Reproduce exactly the lines of this material that begin at the line with "2021 Chevrolet Camaro" and end at the line with "RADIATORS / COOLERS", both included. Omit the pictures and everything else.

TASK INPUT:

•••

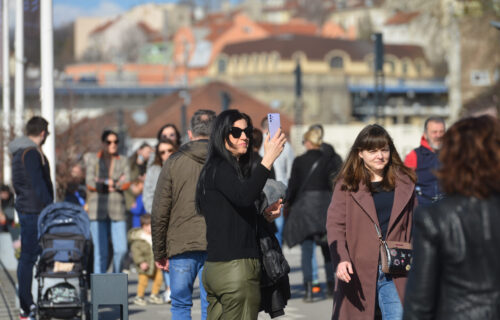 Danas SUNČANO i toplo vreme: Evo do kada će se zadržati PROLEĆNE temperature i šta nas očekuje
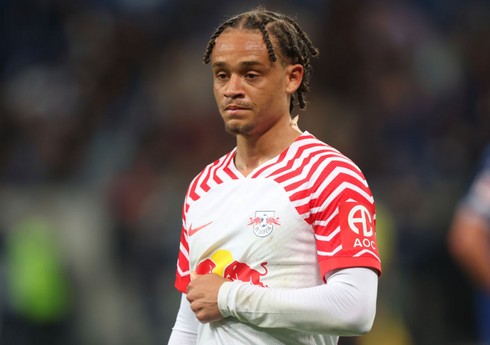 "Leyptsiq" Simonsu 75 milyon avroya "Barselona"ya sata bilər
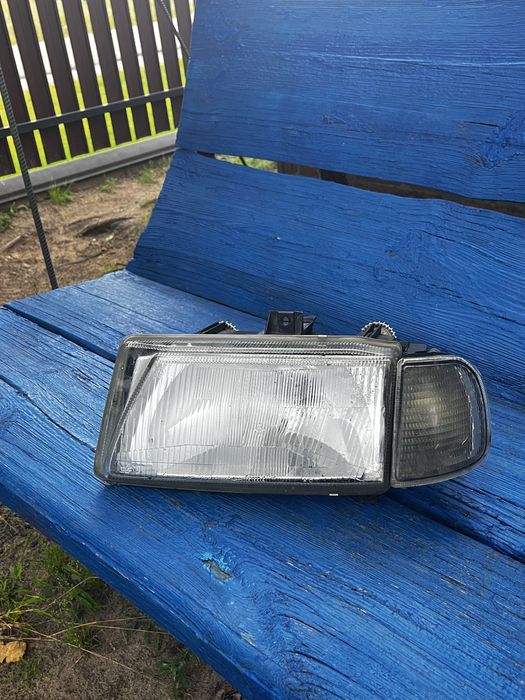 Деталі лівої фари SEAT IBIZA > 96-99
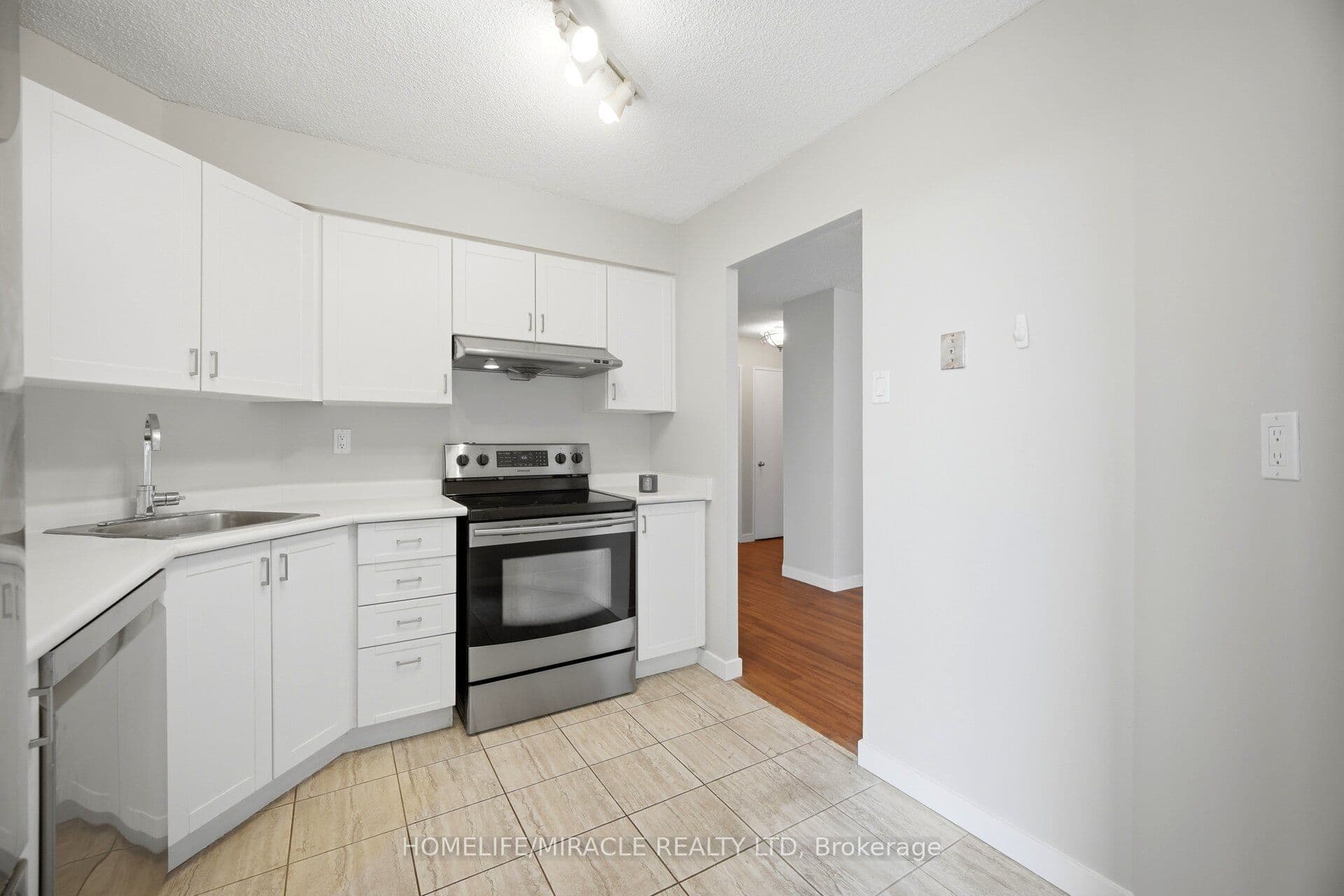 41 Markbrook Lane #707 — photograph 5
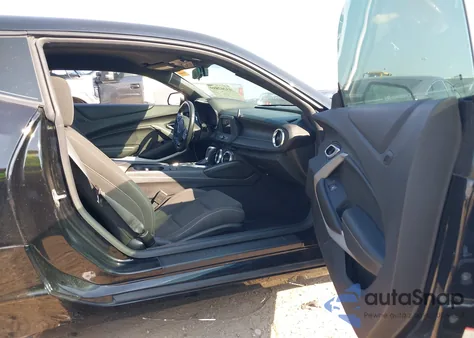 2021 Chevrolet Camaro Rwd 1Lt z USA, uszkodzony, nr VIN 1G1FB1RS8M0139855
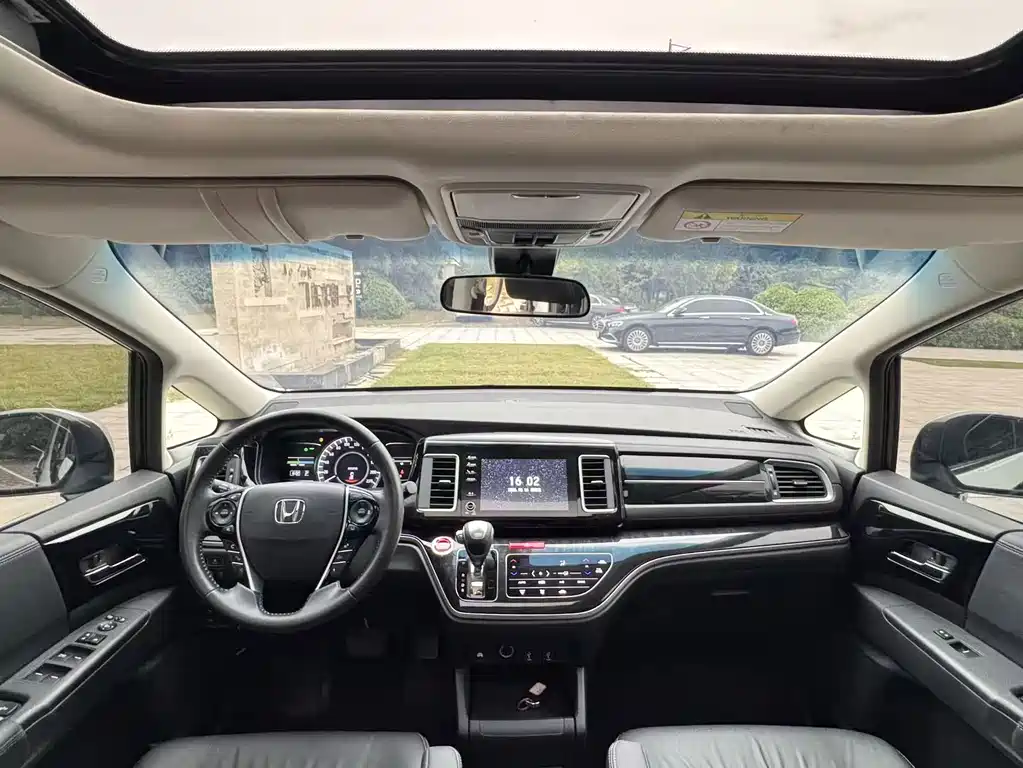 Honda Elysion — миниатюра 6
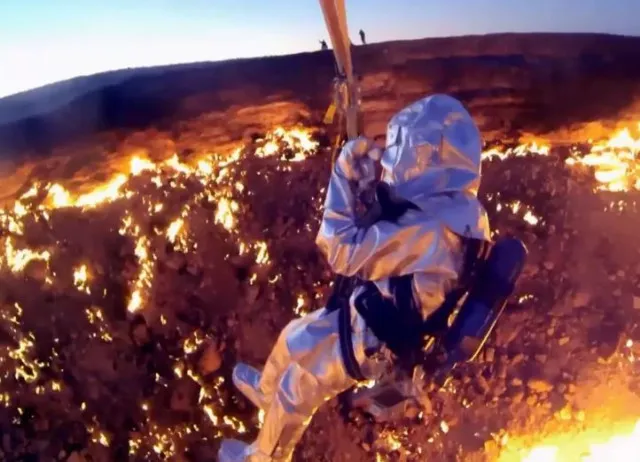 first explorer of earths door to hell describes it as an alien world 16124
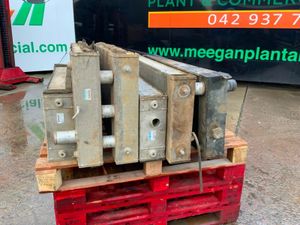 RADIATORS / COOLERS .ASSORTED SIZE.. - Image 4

•••

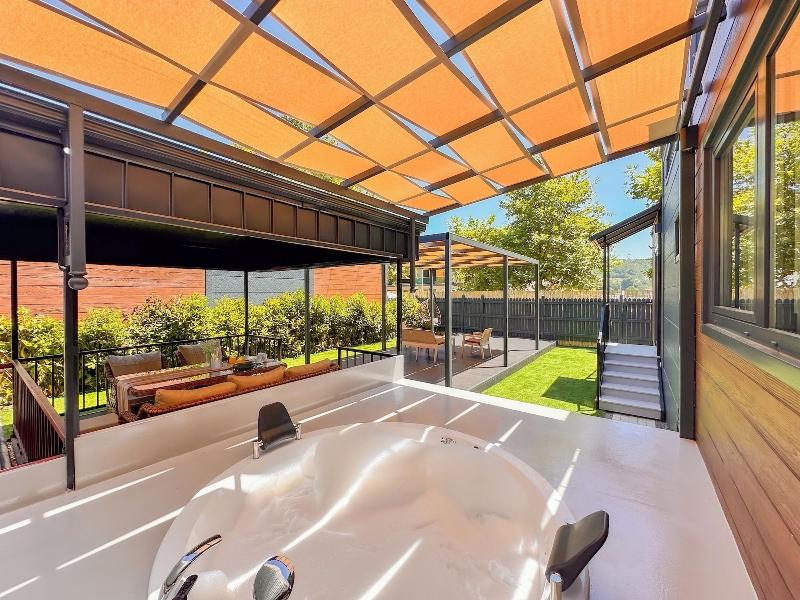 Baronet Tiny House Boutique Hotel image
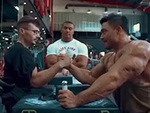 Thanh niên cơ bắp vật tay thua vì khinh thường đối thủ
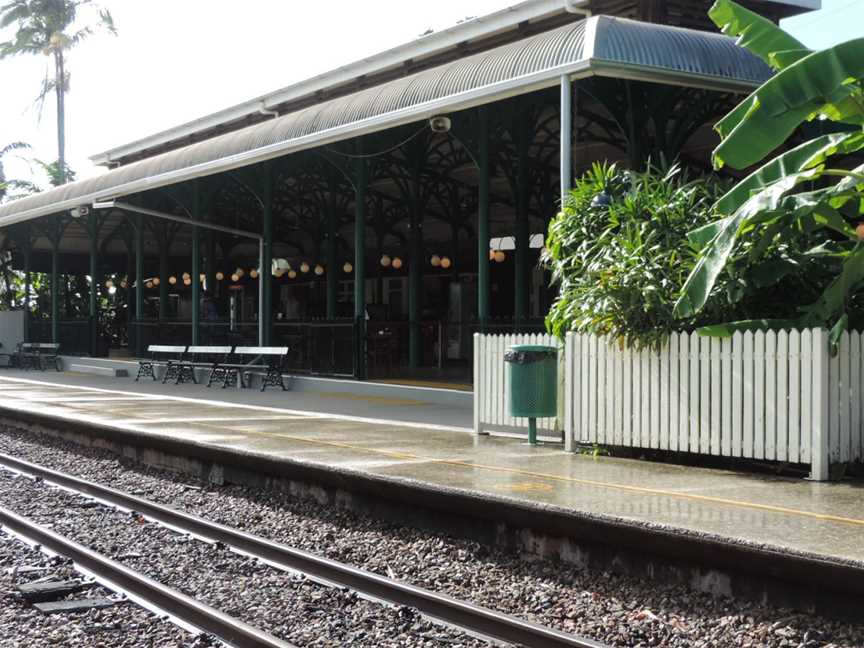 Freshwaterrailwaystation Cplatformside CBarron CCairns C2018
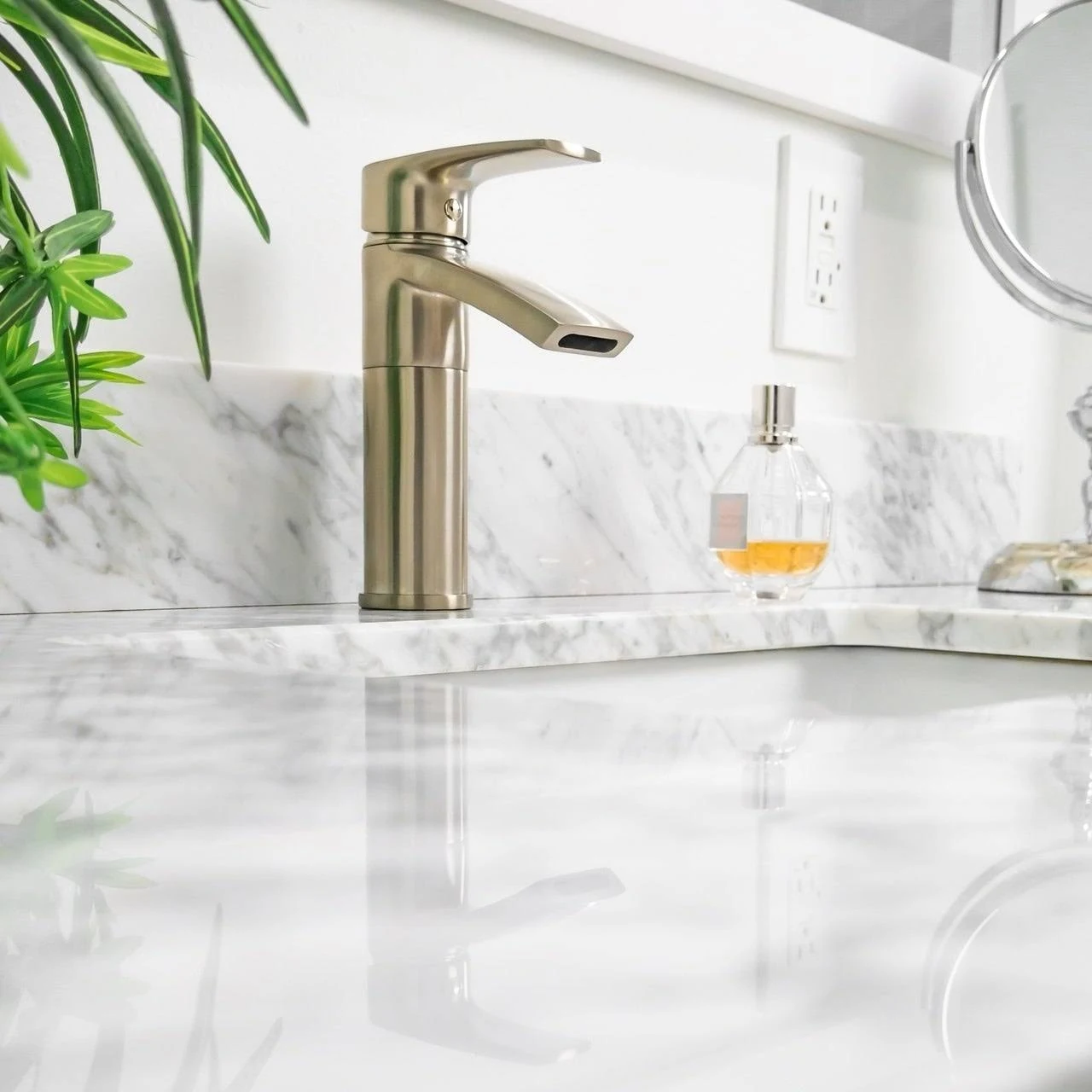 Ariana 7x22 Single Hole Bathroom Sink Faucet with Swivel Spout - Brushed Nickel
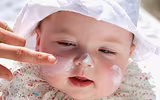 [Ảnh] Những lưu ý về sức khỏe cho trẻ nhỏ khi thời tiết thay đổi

•••

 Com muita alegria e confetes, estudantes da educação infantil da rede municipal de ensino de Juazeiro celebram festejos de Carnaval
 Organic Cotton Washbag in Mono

•••

OUTPUT:
 2021 Chevrolet Camaro Rwd 1Lt z USA, uszkodzony, nr VIN 1G1FB1RS8M0139855
 Honda Elysion — миниатюра 6
 first explorer of earths door to hell describes it as an alien world 16124
 RADIATORS / COOLERS .ASSORTED SIZE.. - Image 4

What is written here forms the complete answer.